- Film poster
- Directed by: Robert Budreau
- Written by: Michael Burgner
- Produced by: Jennifer Davisson; Michael Hampton; Robert Budreau; William G. Santor; Doug Murray; Ryan Reaney;
- Starring: Julia Butters; Jacob Tremblay; Taylor Schilling; Martin Freeman;
- Cinematography: André Pienaar
- Edited by: Sebastián Sepúlveda
- Music by: West Dylan Thordson
- Production companies: Appian Way Productions; Lumanity Productions; Productivity Media;
- Distributed by: Falling Forward Films
- Release date: December 2, 2023 (Whistler); April 10, 2025 (Lebanon)
- Countries: Canada; United States;
- Language: English

= Queen of Bones =

Queen of Bones is a 2023 horror thriller film directed by Robert Budreau, written by Michael Burgner, and starring Julia Butters, Jacob Tremblay, Taylor Schilling, and Martin Freeman.

==Plot==
The film is set in 1931 in Oregon.
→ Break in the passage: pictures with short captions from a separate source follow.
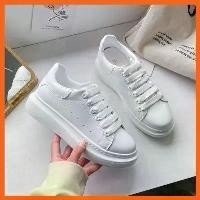 ราคา รองเท้าผ้าใบผู้หญิง รองเท้าผ้าใบสตรี สีขาว สไตล์เกาหลี อเนกประสงค์ รองเท้าผ้าใบหนัง (1730090882188217185)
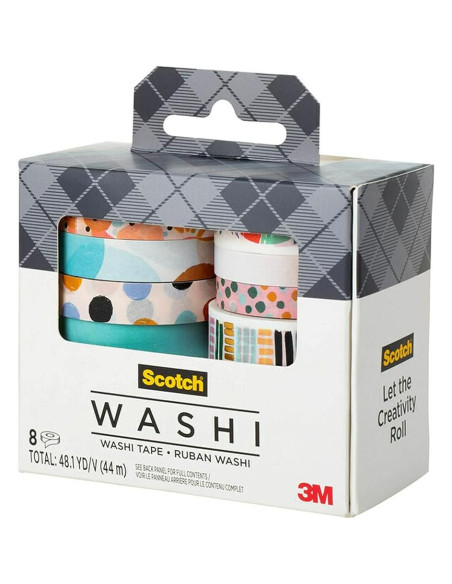 Cinta Washi Scotch Abstracto 8 Rollos 7-15mm para DIY Cinta Washi Scotch Abstracto 8 Rollos 7-15mm para DIY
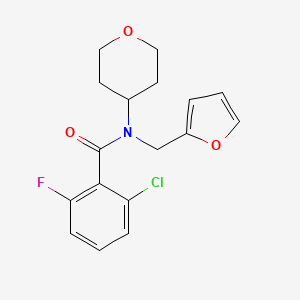 molecular formula C17H17ClFNO3 B2856025 2-chloro-6-fluoro-N-(furan-2-ylmethyl)-N-(tetrahydro-2H-pyran-4-yl)benzamide CAS No. 1448134-84-6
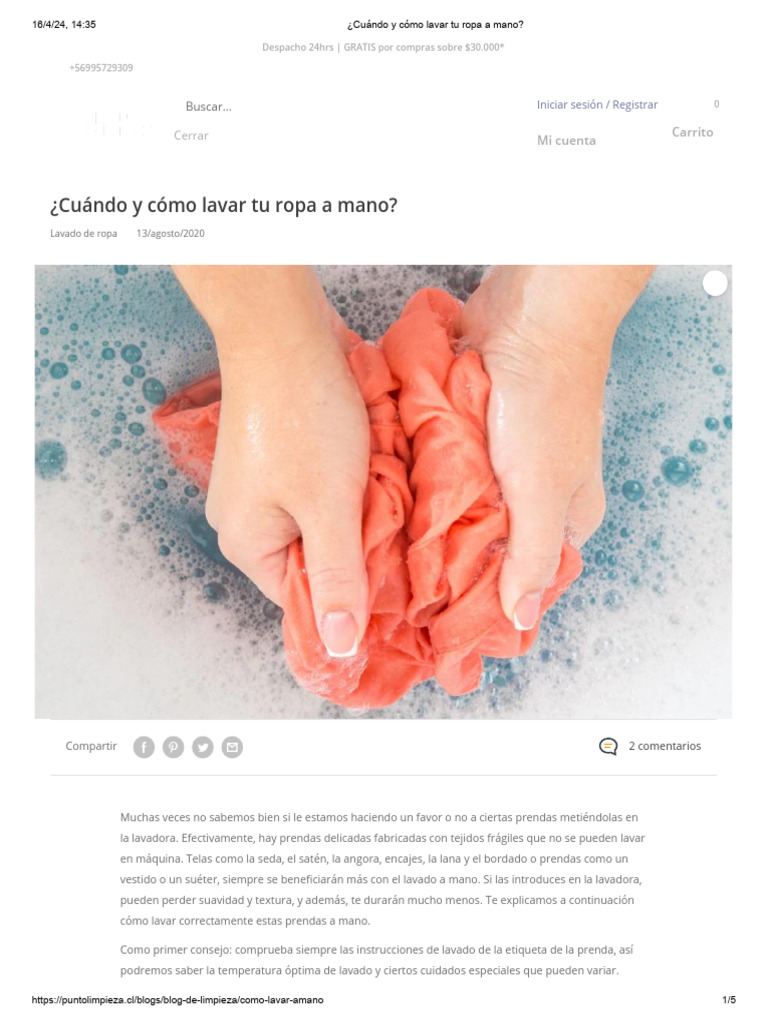 ¿Cuándo y Cómo Lavar Tu Ropa A Mano | PDF | Detergente | Agua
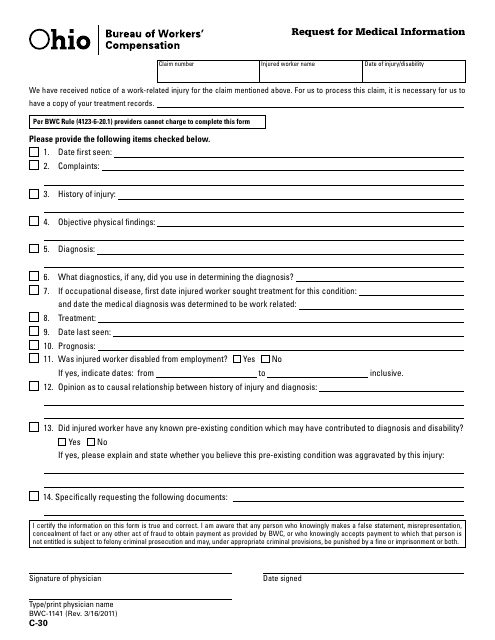 Form C-30 (BWC-1141) Request for Medical Information - Ohio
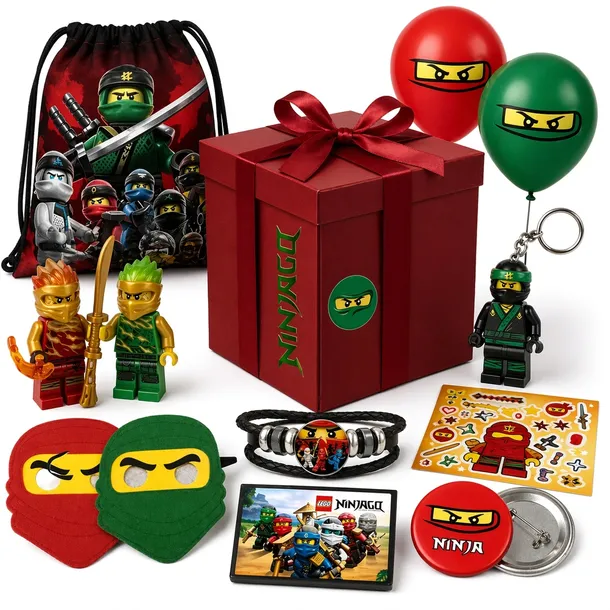 DUŻY ZESTAW PREZENTOWY NINJAGO XXL 22 ELEMENTY KLOCKI MASKA MINIFIGURKI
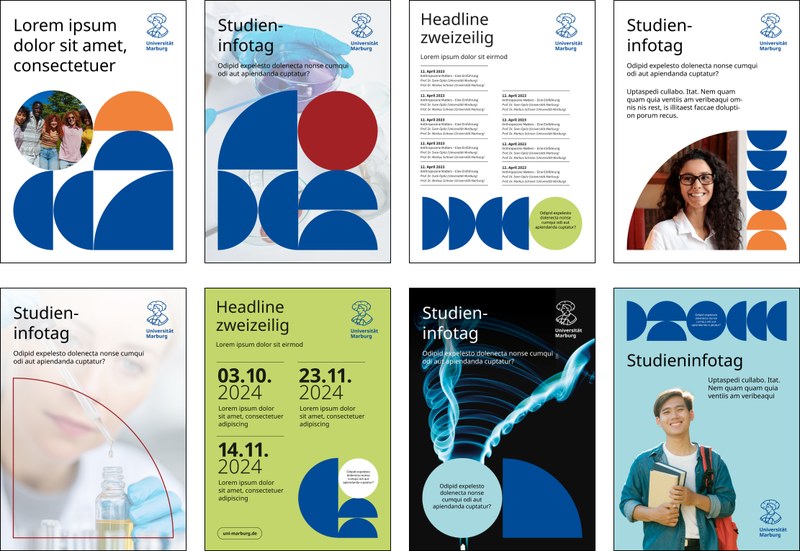 Beispiele für Plakate Markenstufe 2. Beschreibung nach der Grafik. Klick öffnet vergrößerte Ansicht
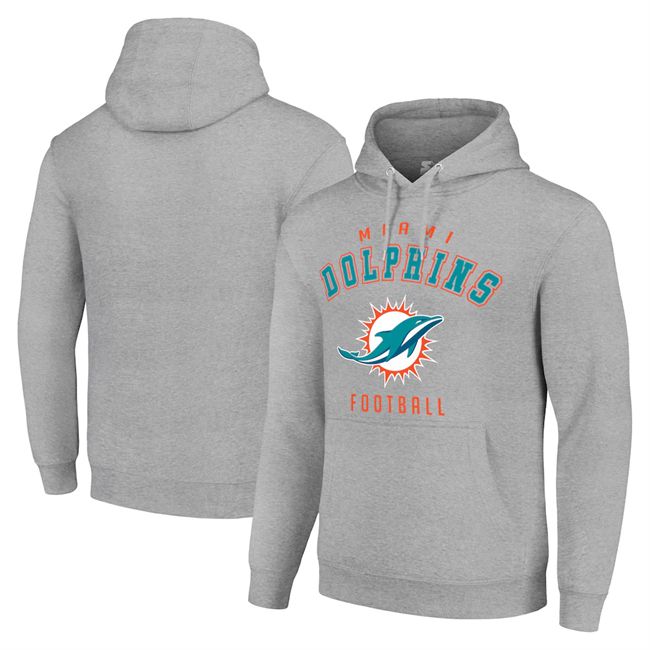 Men's Miami Dolphins Grey Pullover Hoodie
A twin brother and sister, living on a secluded farm with their widowed father, discover an Icelandic spell book in the attic. The siblings begin to suspect that there is a connection between their mother's mysterious death and the ancient evil forces that dwell in the neighboring forests.

==Cast==
- Julia Butters as Lily
- Jacob Tremblay as Sam
- Martin Freeman as Malcolm
- Taylor Schilling as Ida May

==Production==
Filming began in Canada in August 2022. The film was shot in Ontario.

==Release==
The film was screened for distributors, but not for the general public, in the Industry Selects program at the 2023 Toronto International Film Festival on September 10, 2023, and had its public premiere at the 2023 Whistler Film Festival.

In January 2024, it was announced that Falling Forward Films acquired U.S. distribution rights to the film, which made its U.S. premiere at the Santa Barbara International Film Festival in February 2024. It was later announced that its release would be by Vertical on video on demand which took place on August 1, 2025.

== Reception ==
In his review for Variety, Dennis Harvey wrote: "Without much in the way of psychological depth, or potency to its fantastical elements, Queen of Bones makes a pretty tepid overall impression, given the expectations raised by its basic themes." Todd Jorgensen of Cinemaloque stated: "Emphasizing atmosphere over plot, this bleak episode of folk horror from Canadian director Robert Budreau (Born to Be Blue) is more tedious than thrilling... The strong cast helps inject emotional depth and complexity. However, aside from its period visual flourishes, the deliberately paced film might fit better on stage."